Hadn't he been, once?

There...was there something? At that moment, when she turned her head, when the sunlight flashed off the curve of her throat? And she smiled, and Ukyo said something that made her laugh, and she closed her eyes briefly as her lips parted in genuine amusement.

Some other time. Some other place.

Did I lie to you? He asked silently, blinking rapidly, trying to hear the noise of voices over the sounds of memories that weren't there. Someone touched his face, someone kissed him lightly, someone...

someone whispered,

"the stars remain steadfast"

remain steadfast

His realized that his head hurt. Pain, there was pain, unaccountable and distant and dull. How long had it been hurting? Had it only begun to, or had he only just noticed it now? Akane, face still transfigured with something like joy, smiled at him with unbearable kindness. There were lights in the distance, faint lights, and oscillations of sound...

What would you give up?

The sounds a rushing of the tides or a finger on a glass, wind-chimes ringing and ringing in endless circular sound, metal, glass, refracting brilliances in edges and fractured light—

"Ryoga man, you okay?"

He blinked, and remembered to breathe, and realized that he was staring at a point somewhere beyond the wall, half-eaten manjuu gripped lightly in one hand, the other hand almost, but not quite, touching the side of his skull.

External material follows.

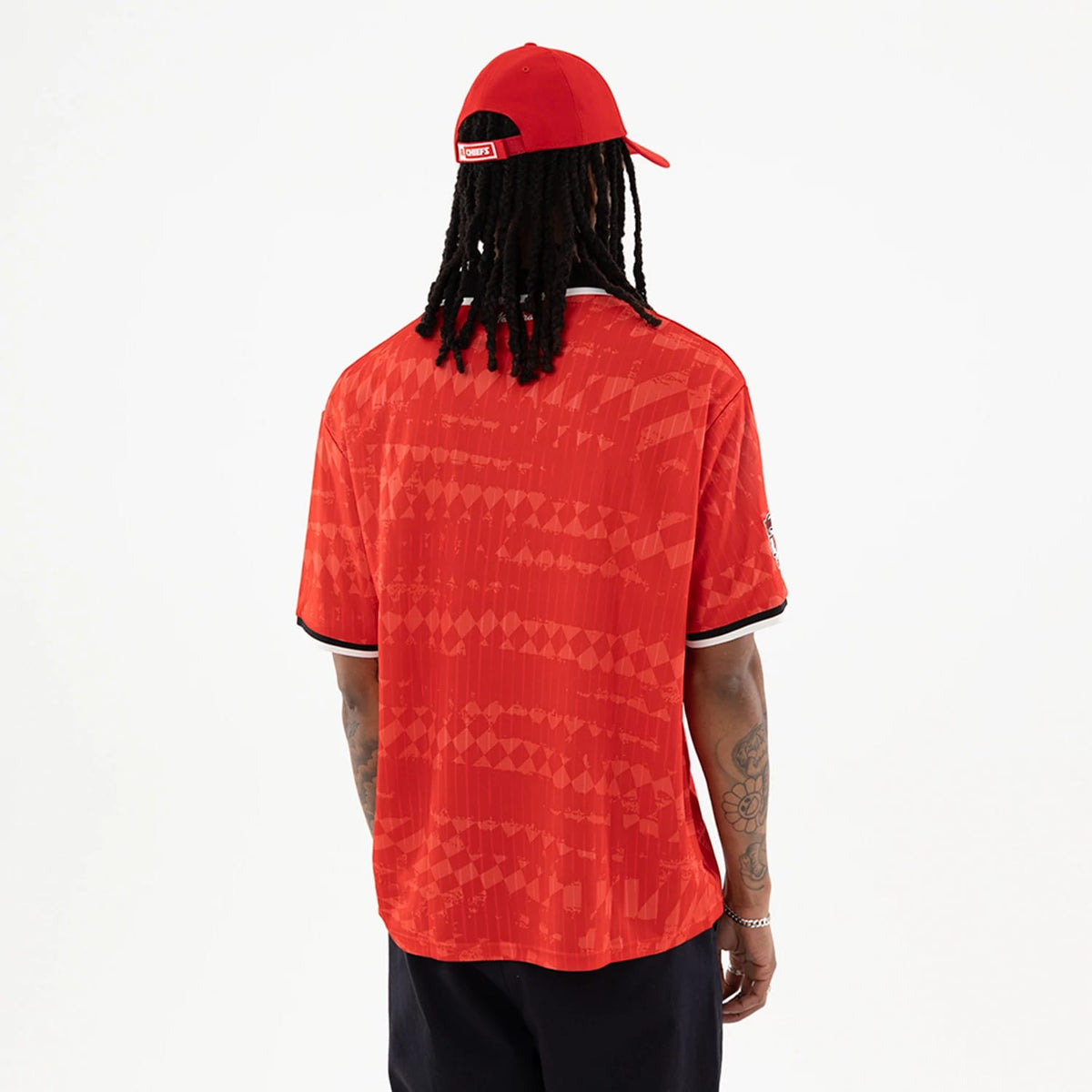 The model is wearing this NFL Kansas City Chiefs Soccer Jersey in red. 2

His chest rose and fell with light, shallow breaths. Cold, clean, rushing like water.

"H-headache," he said, eyes fixing once again on Akane whose mouth had become a little "o" of concern. He squeezed his eyes shut . "Hurts..."

"Do you remember something?" came the girl's voice, and it grated, an agony of cracking ice. He shook his head, then gasped with renewed pain as the gesture rushed down the inside of his skull to his spine like falling stones crashing down the side of a mountain. He pressed a closed fist to his forehead and his mouth opened in a voiceless cry. Air rushed into the empty space where his jaw came unhinged, filling the hollow space. There was a crash, somewhere else, and someone shouted something.

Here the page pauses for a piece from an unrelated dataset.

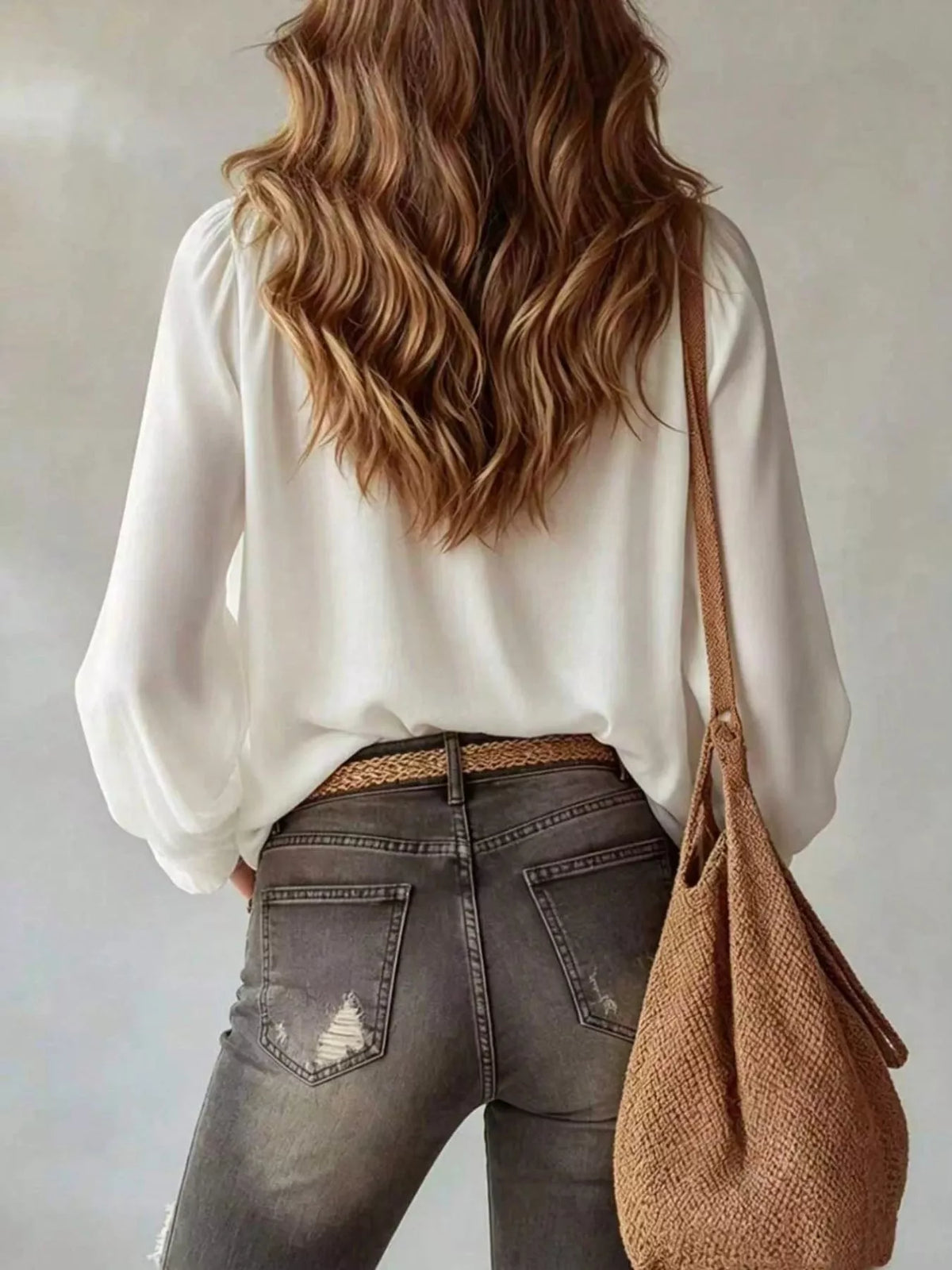 White ruffled v-neck blouse with tie-front detail, back view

"Oh god..." a man's voice—the doctor? And footsteps, someone running into the room. "Ranma, help me—get his other shoulder, we have to..."

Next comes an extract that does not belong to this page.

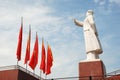 Statue of Mao zedong with red flags Royalty Free Stock Photo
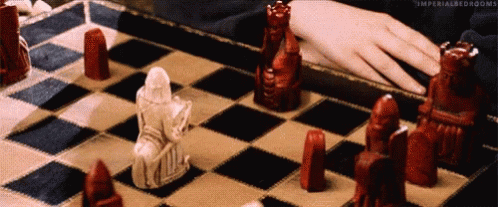 A Person Is Playing A Game Of Chess With Red And White Chess Pieces . GIF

Strong hands grasped his arms, lifted him on both sides to stand, and his hands clenched and unclenched as his body tried to curl in on itself. In a matter of moments, in the midst of a great darkness and terrible light, he felt the world subsume him. There was a voice somewhere. He didn't know where it came from. He didn't know where it went. The world opened at his feet; he saw the rushing darkness, and a light filled all his vision. Came from nowhere, went to nowhere. Breath filled his body: water and air, sunlight and glass, snow falling into cherry blossoms into white skin into emptiness. He stumbled into nothingness, he saw the shapes of trees, he heard a chaos of noise from some great distance, a clashing of cymbals, a crying of horns. Voices shouting unintelligibly and the autumn sun shone on the trunks of trees and he was falling down, through the grass, into depth, into darkness, into the deep earth and in the distance he heard the voices of birds, and a girl was crying.

white light

stars

pain

someone said

breathe

"The stars remain steadfast."

Dust-dry, the desert. A waste of sand and burning sunlight. The blue cracking sky snapping wide like the wings of a bird lifted on the wind, moving up, back and away. Away the sky and all shadows, away the coolness of the deep earth, and all stillness of mind. Away the dreams of cool darkness, galleries of trees, deep wildernesses. Vast the sky and the enormous blue emptiness, the falling without falling that subsumes all self: enormous, huge, hollow, wide.

goodbye Tokyo

goodbye, goodbye...

The thunder of the wind came upon him without warning, blowing up in a storm of flying sand that assaulted his eyes, nose and mouth. He squeezed his eyes shut and clamped his jaw closed and clapped his hands over his ears to shield them. He fell onto his knees and huddled into a ball, trying to protect as much of his body as possible from the driving, shrieking horror.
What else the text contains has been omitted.